### YOUR GOAL:
Say how many lines of the material include "Chapter". Give the number without any other text.
○ ○ ○
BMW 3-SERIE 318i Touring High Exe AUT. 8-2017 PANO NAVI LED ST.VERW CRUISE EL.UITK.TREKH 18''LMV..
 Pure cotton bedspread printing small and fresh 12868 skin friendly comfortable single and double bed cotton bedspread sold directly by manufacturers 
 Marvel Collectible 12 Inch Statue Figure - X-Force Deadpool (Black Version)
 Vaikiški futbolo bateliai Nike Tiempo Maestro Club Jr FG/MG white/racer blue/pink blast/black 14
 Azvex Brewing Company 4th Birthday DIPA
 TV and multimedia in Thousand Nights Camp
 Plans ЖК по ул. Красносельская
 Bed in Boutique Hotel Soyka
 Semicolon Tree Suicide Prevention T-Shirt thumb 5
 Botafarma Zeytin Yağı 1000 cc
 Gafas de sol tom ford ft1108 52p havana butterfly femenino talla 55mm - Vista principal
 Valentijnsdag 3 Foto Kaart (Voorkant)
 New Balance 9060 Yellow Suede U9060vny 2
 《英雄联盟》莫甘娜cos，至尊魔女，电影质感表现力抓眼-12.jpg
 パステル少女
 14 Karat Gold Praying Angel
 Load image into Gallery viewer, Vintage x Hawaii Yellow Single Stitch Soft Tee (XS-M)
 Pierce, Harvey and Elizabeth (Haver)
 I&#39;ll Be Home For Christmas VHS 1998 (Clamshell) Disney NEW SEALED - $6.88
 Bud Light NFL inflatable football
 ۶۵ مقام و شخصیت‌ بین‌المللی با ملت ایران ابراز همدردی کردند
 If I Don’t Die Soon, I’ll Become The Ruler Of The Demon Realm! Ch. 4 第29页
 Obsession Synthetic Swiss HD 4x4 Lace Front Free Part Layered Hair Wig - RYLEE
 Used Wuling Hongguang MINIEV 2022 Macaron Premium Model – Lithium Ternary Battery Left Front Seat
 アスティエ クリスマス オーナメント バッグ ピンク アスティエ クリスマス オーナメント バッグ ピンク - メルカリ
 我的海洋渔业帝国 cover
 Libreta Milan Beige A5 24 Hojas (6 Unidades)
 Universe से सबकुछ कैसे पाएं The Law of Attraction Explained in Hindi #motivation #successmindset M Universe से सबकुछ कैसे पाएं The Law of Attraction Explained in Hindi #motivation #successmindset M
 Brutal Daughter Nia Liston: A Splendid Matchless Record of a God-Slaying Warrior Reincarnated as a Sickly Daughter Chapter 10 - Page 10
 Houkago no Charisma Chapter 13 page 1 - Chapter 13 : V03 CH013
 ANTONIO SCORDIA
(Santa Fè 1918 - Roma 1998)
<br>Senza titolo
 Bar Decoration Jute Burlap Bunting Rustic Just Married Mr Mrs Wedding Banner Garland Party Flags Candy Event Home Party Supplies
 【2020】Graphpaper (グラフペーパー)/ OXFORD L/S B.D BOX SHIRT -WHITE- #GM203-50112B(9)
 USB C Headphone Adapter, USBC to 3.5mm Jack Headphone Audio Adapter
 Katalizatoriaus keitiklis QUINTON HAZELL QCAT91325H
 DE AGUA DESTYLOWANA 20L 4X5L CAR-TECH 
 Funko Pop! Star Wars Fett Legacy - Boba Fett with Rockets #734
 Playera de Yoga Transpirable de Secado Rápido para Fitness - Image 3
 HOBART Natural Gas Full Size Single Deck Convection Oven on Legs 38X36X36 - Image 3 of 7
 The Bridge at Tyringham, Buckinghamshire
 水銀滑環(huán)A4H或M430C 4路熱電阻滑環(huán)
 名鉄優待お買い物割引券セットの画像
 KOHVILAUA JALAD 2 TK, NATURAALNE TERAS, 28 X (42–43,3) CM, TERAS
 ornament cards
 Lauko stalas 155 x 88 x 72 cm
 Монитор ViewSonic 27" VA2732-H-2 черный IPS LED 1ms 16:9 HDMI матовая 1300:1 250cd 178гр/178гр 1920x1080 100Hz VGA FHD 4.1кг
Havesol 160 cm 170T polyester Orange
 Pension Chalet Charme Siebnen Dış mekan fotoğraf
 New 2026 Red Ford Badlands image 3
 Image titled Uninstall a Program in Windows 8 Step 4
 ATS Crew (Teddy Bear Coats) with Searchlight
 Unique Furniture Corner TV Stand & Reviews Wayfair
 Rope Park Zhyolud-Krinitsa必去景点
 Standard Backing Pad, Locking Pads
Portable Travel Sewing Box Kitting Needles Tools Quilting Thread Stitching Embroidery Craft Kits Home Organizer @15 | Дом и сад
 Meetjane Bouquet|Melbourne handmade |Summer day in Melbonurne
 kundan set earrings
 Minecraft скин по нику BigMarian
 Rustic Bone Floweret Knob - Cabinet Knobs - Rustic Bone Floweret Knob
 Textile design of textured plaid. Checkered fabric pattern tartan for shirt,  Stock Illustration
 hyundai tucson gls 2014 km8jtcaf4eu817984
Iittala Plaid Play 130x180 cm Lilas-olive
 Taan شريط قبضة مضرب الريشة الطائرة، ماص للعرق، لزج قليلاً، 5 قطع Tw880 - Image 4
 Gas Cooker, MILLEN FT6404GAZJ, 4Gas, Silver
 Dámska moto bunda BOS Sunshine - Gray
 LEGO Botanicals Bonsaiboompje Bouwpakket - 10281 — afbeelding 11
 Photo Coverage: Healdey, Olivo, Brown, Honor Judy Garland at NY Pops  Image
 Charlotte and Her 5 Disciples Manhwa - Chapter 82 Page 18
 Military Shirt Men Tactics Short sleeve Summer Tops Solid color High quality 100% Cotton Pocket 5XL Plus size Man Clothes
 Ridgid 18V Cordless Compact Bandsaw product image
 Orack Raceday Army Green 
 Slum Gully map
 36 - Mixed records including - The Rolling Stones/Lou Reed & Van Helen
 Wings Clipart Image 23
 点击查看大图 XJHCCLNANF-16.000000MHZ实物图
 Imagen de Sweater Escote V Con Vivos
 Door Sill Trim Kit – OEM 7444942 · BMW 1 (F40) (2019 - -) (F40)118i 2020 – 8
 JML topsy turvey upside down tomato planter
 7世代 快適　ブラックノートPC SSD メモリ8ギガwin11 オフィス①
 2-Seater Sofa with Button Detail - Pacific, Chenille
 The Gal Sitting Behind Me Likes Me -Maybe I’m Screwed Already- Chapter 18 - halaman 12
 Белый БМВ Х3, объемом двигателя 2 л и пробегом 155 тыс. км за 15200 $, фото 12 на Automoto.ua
○ ○ ○
### EXPECTED OUTPUT:
4